Akim Demaille <address@hidden> writes:

> Err, maybe :)  Here is what I'm trying to do:

[snip]

> (but again, it is my understanding this is prohibited for `my': if I use
> `local $bar' both work.  I want to know if there is a means to do that
> with `my' vars).

Oh, you *do* want to change the my variable!  Okay.  No, I don't think
there's any good way of doing that... well, for one thing, once you call
another sub there's no way for that sub to modify any my variables in the
calling sub.  Think of my variables like automatic variables in C; they're
local to a particular scope or anything enclosed in it.

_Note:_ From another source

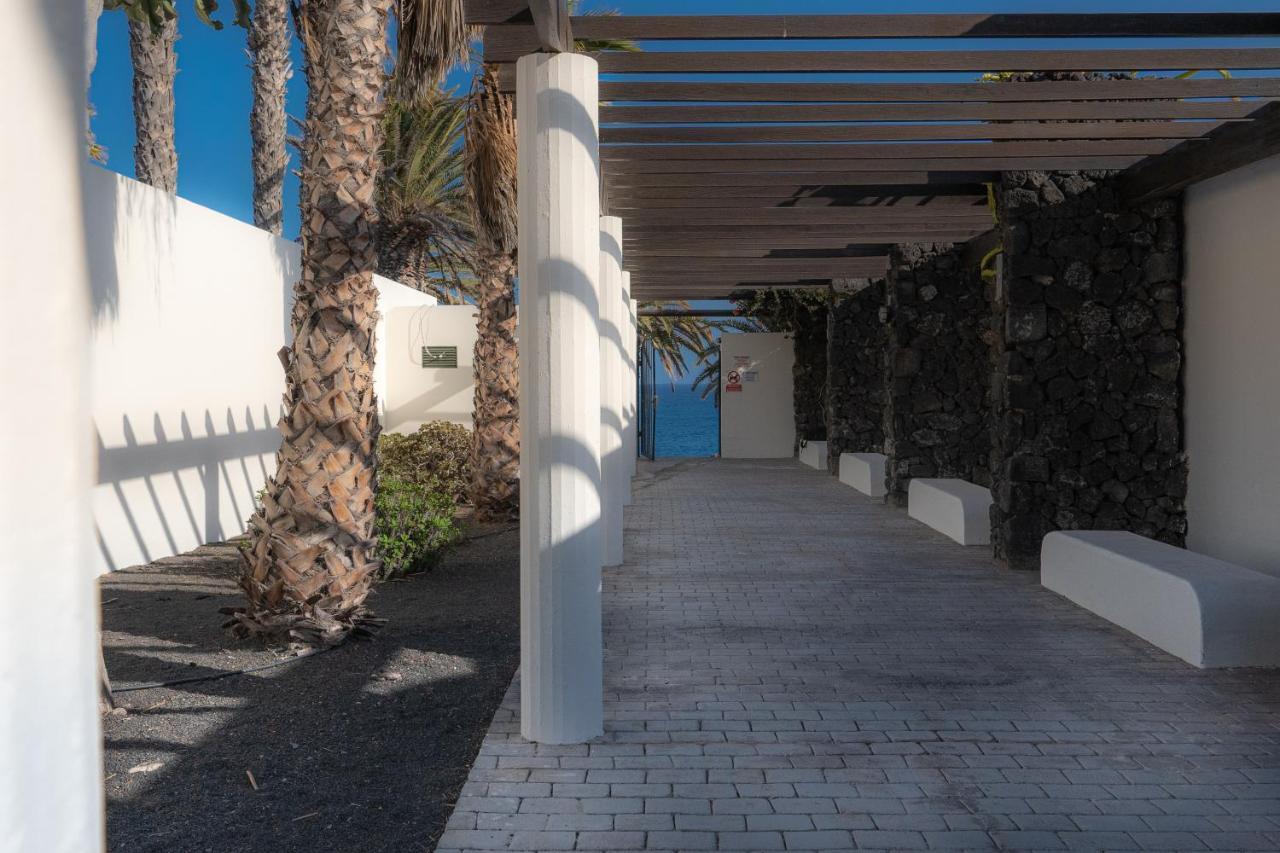 Beautiful Studio On The Seafront Costa Teguise Extérieur photo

The only way that I can think of to do this is a really ugly hack; read
the entirety of the file into memory as a string and then call eval on
that string in the scope where you want to modify variables.  That will
execute the code as if it were inlined into that spot in the sub that
calls eval, which will let it modify my variables and pretty much anything
else.

> Russ> is that you're using it inside the code block of a map or grep,
> Russ> so it *is* in a scalar context.

> OK.  What can I do to tell it its an array context?

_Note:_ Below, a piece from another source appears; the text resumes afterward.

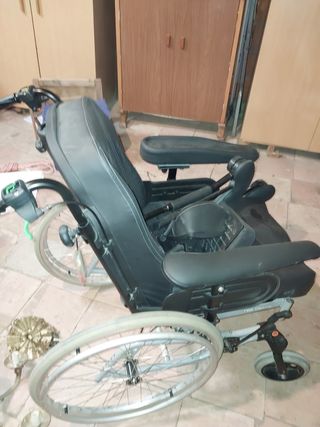 Silla de ruedas ortopédica casi nueva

Actually, I think I was completely wrong there; map *does* provide an
array context to the code block.  That's not the problem; the problem is
that chop just doesn't return its argument.  It modifies its argument and
returns the character that was removed.

> Russ> What you want in this case so far as I can tell is to grap all
> Russ> of the patterns in @patterns beginning with "forbid:" (or
> Russ> "allow:") and store them in a variable, separated by |, with the
> Russ> prefix removed.  Try:

> Russ> my $forbidden = join ('|', map { /^forbid:(.*)/ } @patterns) || "^\$";

> Hm, I had not realized either I could use $1...  Thanks!

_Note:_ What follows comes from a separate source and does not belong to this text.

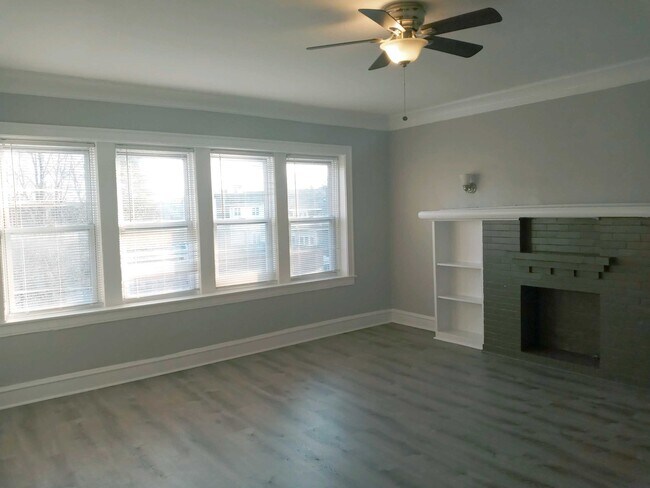 Building Photo - 2610 W 60th St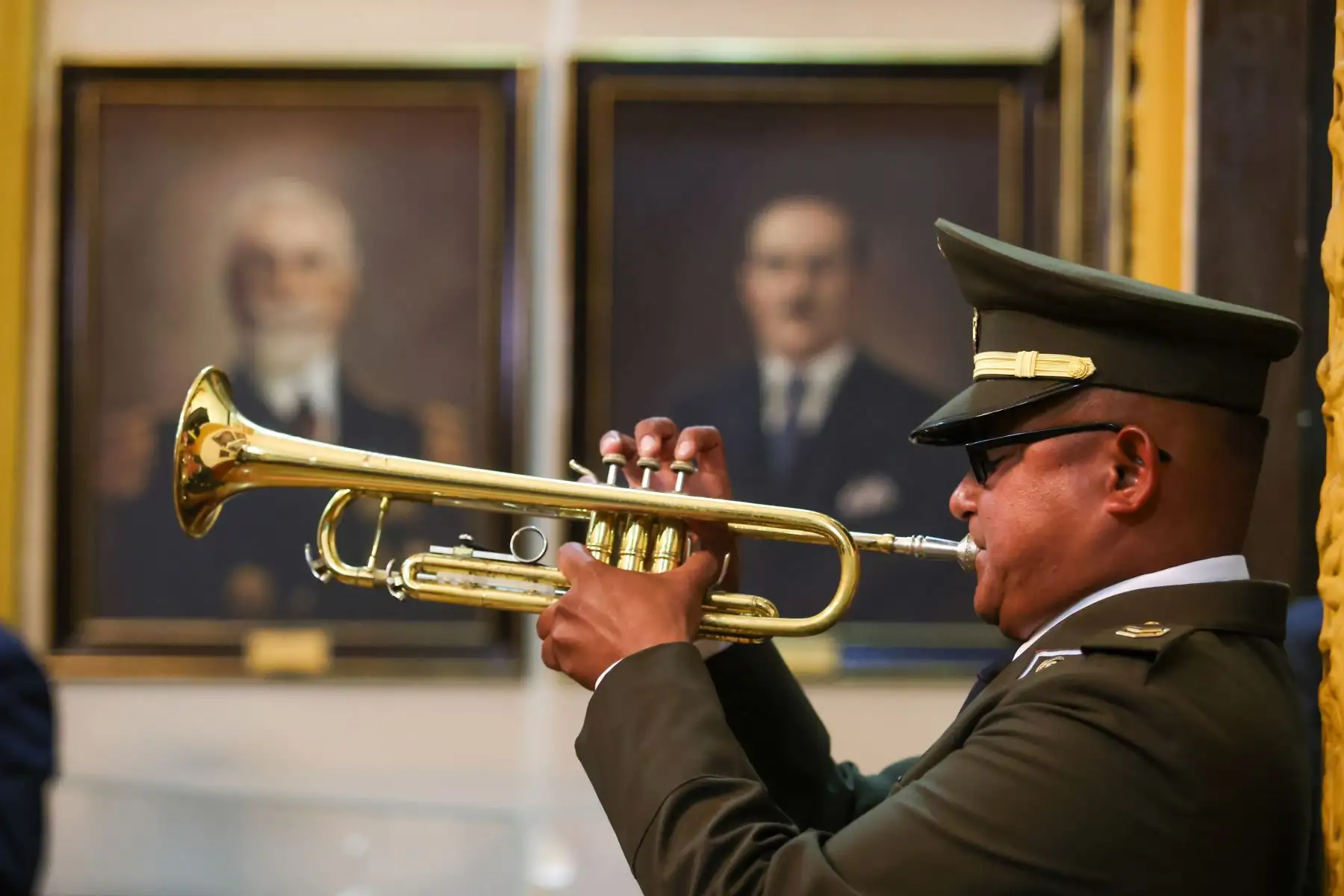 Presidenta de la República, Dina Boluarte, participó en la sesión solemne por el 202 aniversario de la Independencia Nacional en la Benemérita Sociedad Fundadores de la Independencia, Vencedores del 2 de Mayo de 1866 y Defensores Calificados de la Patria. Foto: ANDINA/Presidencia Perú.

Note that this isn't really using $1, in the sense of using the Perl $1
variable.  It's actually using the return value of the m// match
expression, which in list context is a list containing all of the
parentheses matches found in the regex (or if there are no parentheses in
the regex, the text that the regex matches).  It so happens that in this
case $1 and the return value of m// are *mostly* the same (but with one
exception; see below).

> I have one last question.  The documentation for map says:

>        map BLOCK LIST
>        map EXPR,LIST
>                [...]  Evalu­
>                ates BLOCK or EXPR in list context, so each ele­
>                ment of LIST may produce zero, one, or more ele­
>                ments in the returned value.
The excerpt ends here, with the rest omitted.